Salifort Motors Case Study
Employee Retention Analysis and Predictive Modeling
Project Overview
Employee turnover represents one of the most significant challenges facing organizations, with far-reaching implications for productivity, morale, and bottom-line performance. This case study examines the employee retention challenges at Salifort Motors, where rising departure rates have prompted leadership to conduct a comprehensive analysis of the underlying factors driving talent attrition.
Business Problem
Understanding why valued team members choose to leave is crucial not only for reducing costly turnover and recruitment expenses, but also for creating a more engaging, supportive work environment that attracts and retains top talent in an increasingly competitive automotive industry landscape. This is a binary classification problem where we need to predict whether an employee will leave (1) or stay (0).
Project Goals
- Analyze employee data to understand patterns and relationships
- Build predictive models to identify employees at risk of leaving
- Identify key factors that contribute to employee turnover
- Provide actionable, data-driven recommendations to improve employee retention
- Help HR develop targeted retention strategies
Dataset Overview
The dataset contains 14,999 employee records (after removing duplicates from the original 15,000) with a mix of numerical and categorical features. Key variables include satisfaction level, evaluation scores, project count, and working hours - all potential indicators of employee satisfaction and workload.
Data Features
- satisfaction_level: Employee-reported job satisfaction level [0–1]
- last_evaluation: Score of employee's last performance review [0–1]
- number_project: Number of projects employee contributes to
- average_monthly_hours: Average number of hours employee worked per month
- time_spend_company: How long the employee has been with the company (years)

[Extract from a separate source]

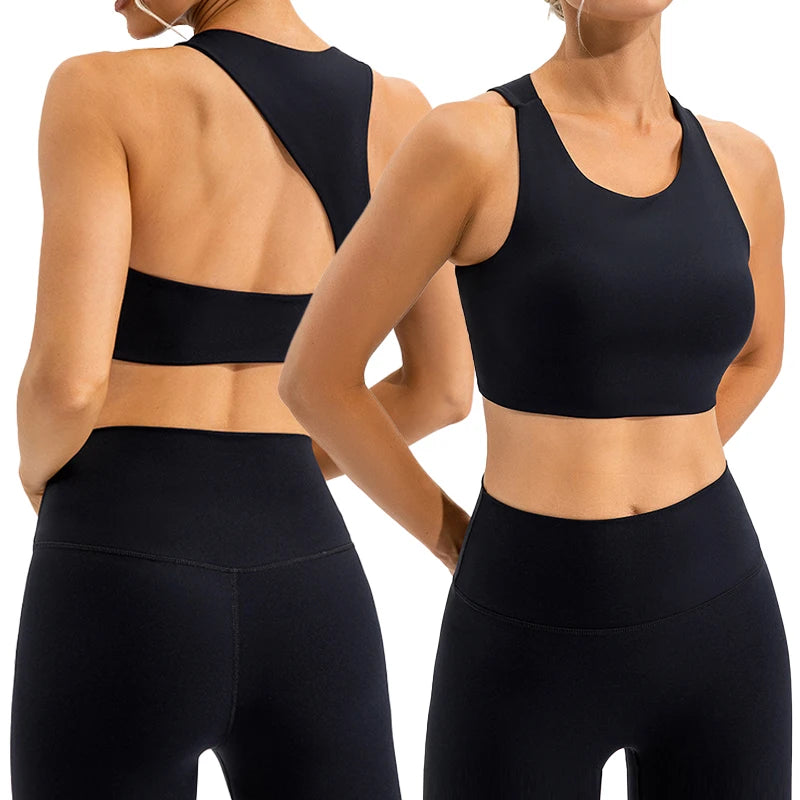 Women Workout Fitness Backless Padded Yoga Crop Tank Top Compression Seamless Sports Bra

- work_accident: Whether or not the employee experienced an accident while at work
- left: Whether or not the employee left the company (target variable)

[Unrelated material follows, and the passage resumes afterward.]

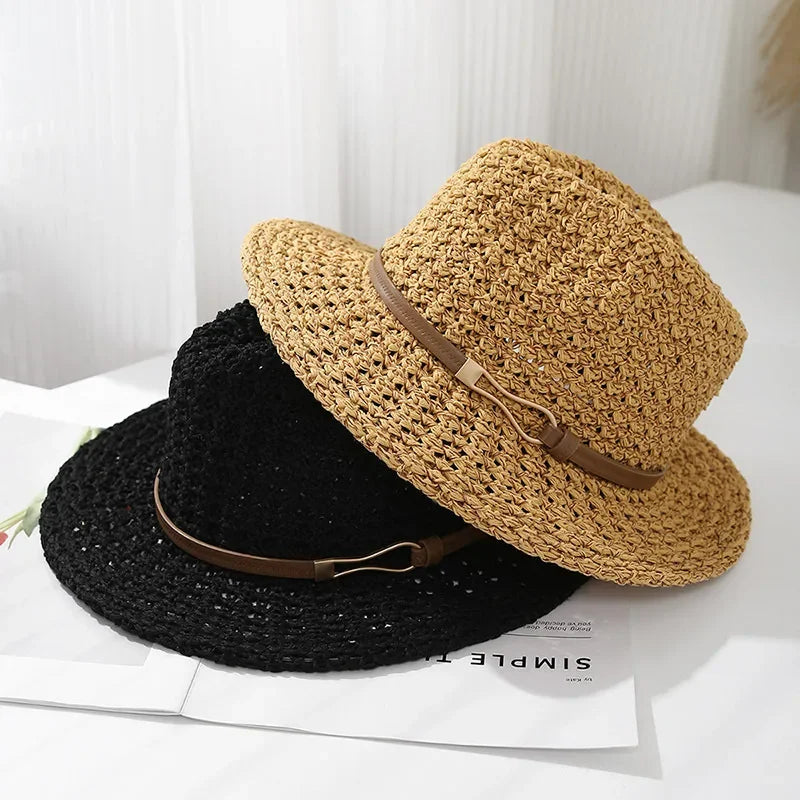 Women's woven beach fedora sun hat with wide brim, offering excellent summer sun protection and style.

- promotion_last_5_years: Whether or not the employee was promoted in the last 5 years
- department: The employee's department (10 unique departments)
- salary: The employee's salary level (low, medium, high)
Data Quality
The dataset was clean with no missing values, but contained over 3,000 duplicate entries that were systematically removed. The duplicates appeared to follow a pattern, suggesting they were not genuine unique observations.
Methodology
This project followed a comprehensive data science workflow using pandas and numpy for data manipulation, matplotlib and seaborn for visualization, and scikit-learn for machine learning models.
Data Preparation & Cleaning
- Data Inspection: Analyzed 14,999 employee records across 10 features
- Column Standardization: Renamed columns to snake_case format and corrected misspellings (e.g., 'average_montly_hours' to 'average_monthly_hours')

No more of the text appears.